Jerome, A.C.J. [Orally]:—When I heard this argument this morning on this question of law, I indicated that I would return this afternoon at 3:30 to deliver judgment. I'm ready to do so.
This application is confined to a question of law, a preliminary question of law under Rule 474. Appropriately, the facts are not in dispute.
The plaintiff had carried on business in the Province of British Columbia for some time prior to 1976, when there was a change in the affairs of the company. Commencing in 1974, the plaintiff entered into agreements with Trend Management, whereby Trend agreed to manage securities that might be acquired from time to time on behalf of the plaintiff. Between 1975 and 1986, Trend purchased from time to time and made disposition from time to time of various Canadian securities for the account of the taxpayer.
In computing its income in the taxation years from 1975 to 1986, the plaintiff treated all of the transactions respecting securities in Canadian companies as capital gains and losses on the basis of the election under subsection 39(6) of the Act.
In respect of the 1983, 1984 and 1985 taxation years, the Minister reassessed and the present litigation ensued. The parties, in the course of the current appeal, have asked the Court to determine this question of law relative to the section 39 which sets up the election in these matters. Since subsection 39(4) allows a taxpayer in the position of this plaintiff to elect to treat on a lifetime basis these transactions as being capital in nature, but since subsection 39(5) confines that right, or that election to those who are not traders or dealers in securities.
Do the words a trader or dealer in securities in subsection 39(5) of the Act refer only to a person who is registered or licensed by a regulatory authority to buy and sell securities, or to a person who, in the ordinary course of business, buys and sells securities on behalf of other persons, or are the words broad enough to include anyone other than a person engaged in an adventure or concern in the nature of trade?
In the course of argument, a good deal of jurisprudence was put forward on both sides. The jurisprudence is not of much assistance for two reasons. First it is acknowledged by both counsel that this is the first time for the question in issue here. Second, most of the jurisprudence addresses itself to the question of whether the proceeds from a particular transaction with a particular taxpayer's factual circumstances should be construed as income or capital in nature. Since in none of those cases a section 39 election had taken place, the jurisprudence is really of limited assistance.
To answer the question then I have to go to the language of the statute itself, and I think it is appropriate in cases of this sort to look first at the purpose of the enactment.
It is, of course, improper to look at Parliamentary Debate for the purpose of statutory interpretation. If the proposer of legislation in the course of debate says that a given section has a given purpose or a given interpretation, that is only that speaker's opinion. The governing determination or factor will be the test of the language itself. If it doesn't say what the debater says it should, it is the text that governs.
Why then should we go to the Parliamentary Debates in this case?

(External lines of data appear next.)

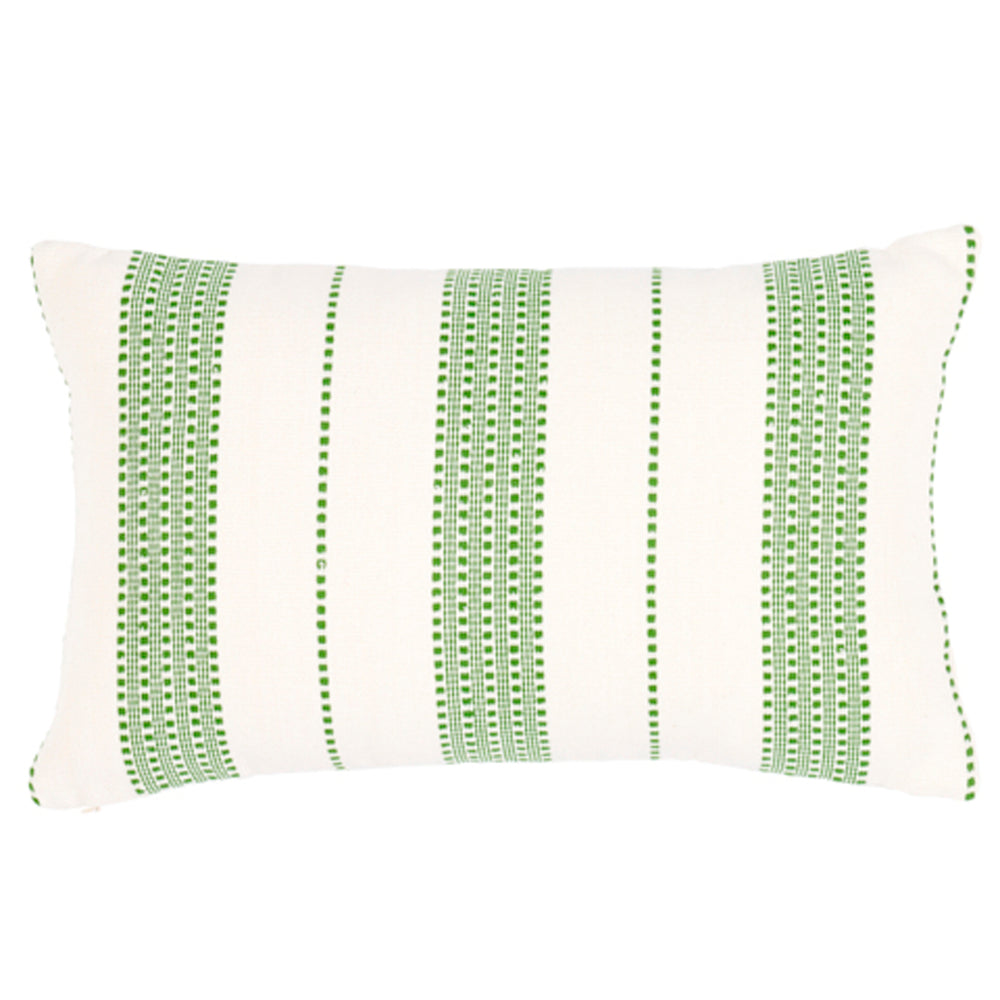 Cuscino a righe Lubecca | Verde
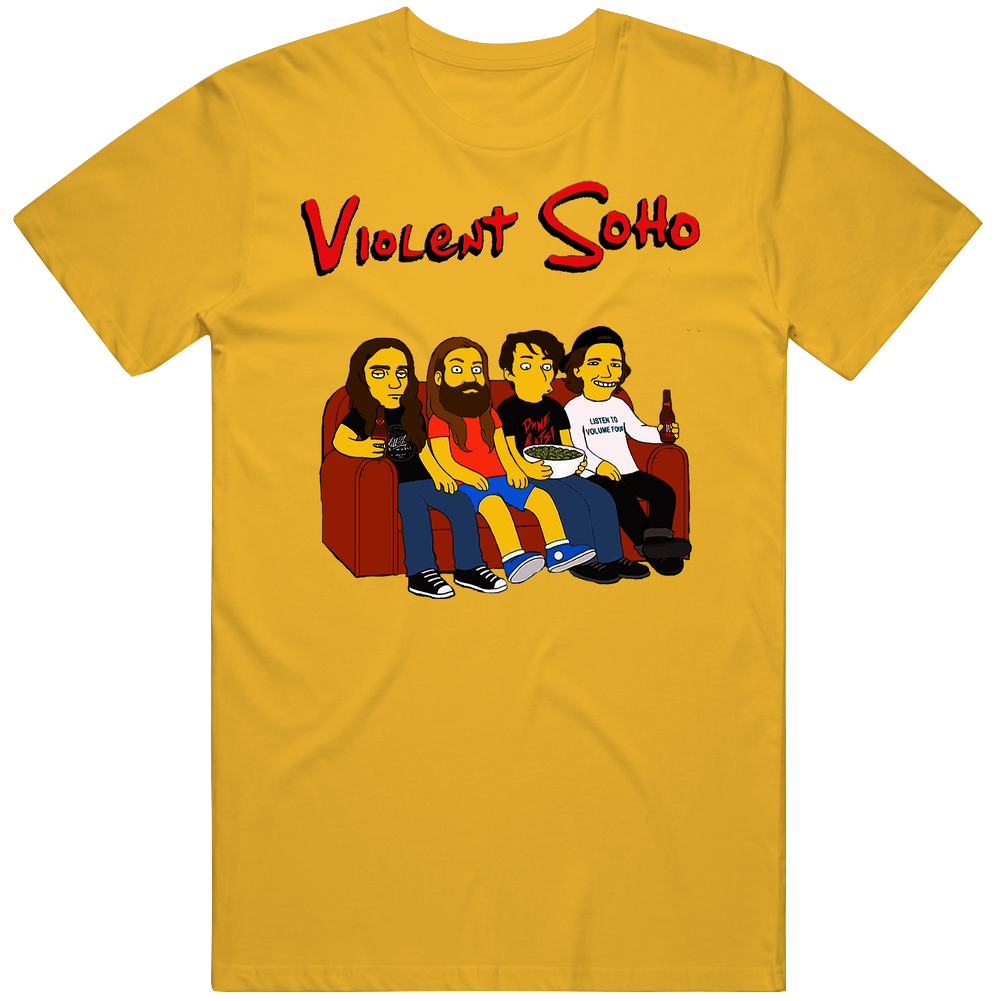 Violent Soho Hot Item Simpson Cartoon Unisex Soft Cotton tee T Shirt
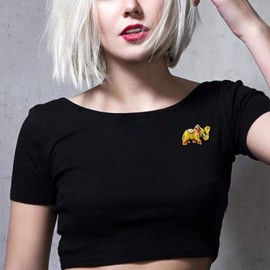 Cifibifun Elephant Crystal Brooch Pin Animal Pendant，Fashion Rhinestone Classic Luxuriant Style with Gift Packing for Girlfriend (Red)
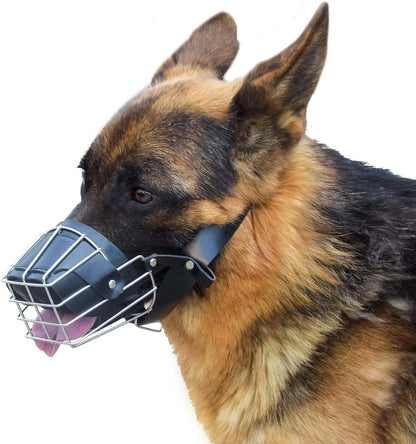 Adjustable Strap Iron Wire Muzzle For Dogs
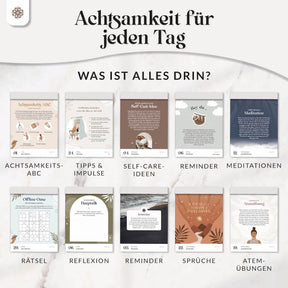 Abreißkalender 2026 - 365 Tage Achtsamkeit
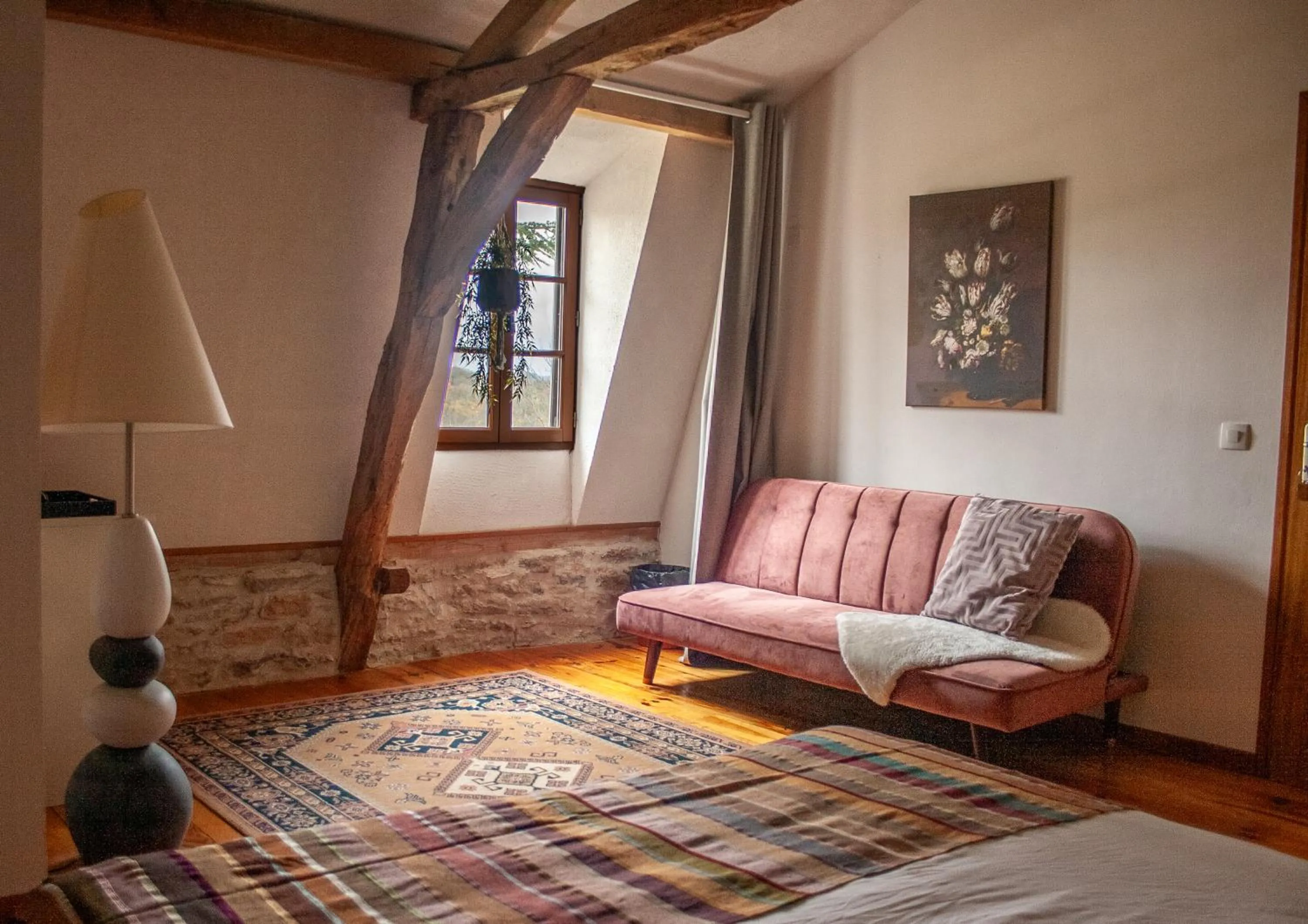 Bedroom, Bed in Chambres d'hôtes Pech Blanc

Only to set the context, to clarify the purpose of the enactment.
In that respect, the budget speech of the then Minister of Finance on March 31, 1977, the Honourable Donald S. MacDonald, made it clear that the purpose of this particular provision was in support of a program to encourage Canadian taxpayers to invest in Canadian companies, to purchase securities in assistance of Canadian enterprise.
That is the clear message from the budget documents and speeches that were filed as part of briefs on both sides in this case. In establishing the context of the section, I should refer to the Minister's statement about the purpose of the program.
That where a taxpayer elects in his return of income for his 1977 or any subsequent taxation year, all his gains and losses for the year and all subsequent years from the disposition of shares other than prescribed shares, bonds, debentures, notes, or similar obligations issued by a Canadian corporation, shall be deemed to be capital gains and capital losses of the taxpayer, except where the taxpayer is a dealer or a trader in securities, a bank, a trust company, credit union, life insurance corporation or similar institution.
I think the word institution is significant.
As I read the Budget Speech, the purpose of the program is to encourage the ordinary Canadian taxpayer to invest in Canadian enterprise.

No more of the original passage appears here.